It will be interesting to see how GTAVI will do without Houser and in a much more high-strung social environment.

The protagonist in GTA6 is a minority woman named Lucia.

I strongly suspect they're going to be far more tame, at least in areas relevant to the current Culture War. Towards the middle of V's life cycle, they removed dialogue because of excessive use of people calling others niggers, even if the users were black. I don't think this was in response to any actual backlash, they just felt like getting with the times.

Didn't the black VAs encourage using the word? I remember when some game journo outlet went after Rockstar with some headline like "Rockstar Needs To Take Responsibility For Its Depiction of Black People", because the casual use of 'nigger', referring to women as 'bitches', and all other sorts of vulgarity were demeaning stereotypes.

Except it turned out IIRC that the VAs thought Rockstar's original script and dialogue weren't authentic enough. It didn't feel 'real', and the actors were given discretion in their performances to punch it up, so to speak. And it worked because yes, people in that social rung in those areas with those cultures absolutely do talk that way, even if it makes progressives' skin crawl. Of course, that attempted rebuttal wasn't recognized in the slightest because "We literally gave the black actors the freedom to perform these roles as they saw fit, and they did so enthusiastically" was too inconvenient to even acknowledge.

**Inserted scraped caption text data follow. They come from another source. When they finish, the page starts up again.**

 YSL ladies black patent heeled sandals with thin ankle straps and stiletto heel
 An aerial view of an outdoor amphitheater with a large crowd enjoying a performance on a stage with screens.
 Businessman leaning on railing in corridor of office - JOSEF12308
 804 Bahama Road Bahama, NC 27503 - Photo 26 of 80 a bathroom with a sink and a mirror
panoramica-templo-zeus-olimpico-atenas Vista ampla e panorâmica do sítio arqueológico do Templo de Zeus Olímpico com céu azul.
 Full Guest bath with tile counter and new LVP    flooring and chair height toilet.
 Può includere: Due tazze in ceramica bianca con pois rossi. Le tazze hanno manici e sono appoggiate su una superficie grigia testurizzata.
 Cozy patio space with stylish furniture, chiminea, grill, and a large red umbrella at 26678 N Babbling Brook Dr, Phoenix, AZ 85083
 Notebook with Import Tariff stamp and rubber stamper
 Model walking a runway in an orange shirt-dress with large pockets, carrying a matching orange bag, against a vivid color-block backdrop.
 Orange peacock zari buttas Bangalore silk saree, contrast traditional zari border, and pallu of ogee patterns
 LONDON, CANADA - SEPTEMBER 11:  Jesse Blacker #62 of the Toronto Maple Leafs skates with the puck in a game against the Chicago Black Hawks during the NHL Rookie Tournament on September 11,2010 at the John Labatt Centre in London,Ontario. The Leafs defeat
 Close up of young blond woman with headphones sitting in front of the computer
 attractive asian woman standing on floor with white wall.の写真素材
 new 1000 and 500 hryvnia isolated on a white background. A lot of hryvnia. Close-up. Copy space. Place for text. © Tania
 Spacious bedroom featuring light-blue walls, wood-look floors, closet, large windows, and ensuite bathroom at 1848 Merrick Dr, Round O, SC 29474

Were they using the hard R, or not?

yes, people in that social rung in those areas with those cultures absolutely do talk that way

Agreed. Class brings...refinement. That's a very different thing from moral virtue; for a fairly harsh example, consider the polite and refined antebellum Southern gentleman.

Pretty damn ironic that black actors ostensibly performing an aspect of low-class black culture wind up getting roasted. It'd be a little bit like redneck actors portraying rednecks getting roasted for being "too hillbilly".

As indicated in the last part of my post, I'm pretty sure the actors and rappers doing the voice work didn't get roasted - just Rockstar. Whatever defense those assorted performance artists offered to R* might as well have not existed, precisely because acknowledging them would have completely blown up the "horrid white company forcing workers to depict minstrel shows" narrative journalists were going for. So just pretend you didn't see it. Like, Dan Houser shouldn't have given them permission or something, so it's still his fault.

See also RPS accusing CP2077 of being racist, the black creator publicly challenging them on that, and the confused, jumbled responses it elicited. Clear pushback that can't be easily dismissed with a strawman attack are greeted with a curious and embarrassing silence, then immediately forgotten, and the work continues.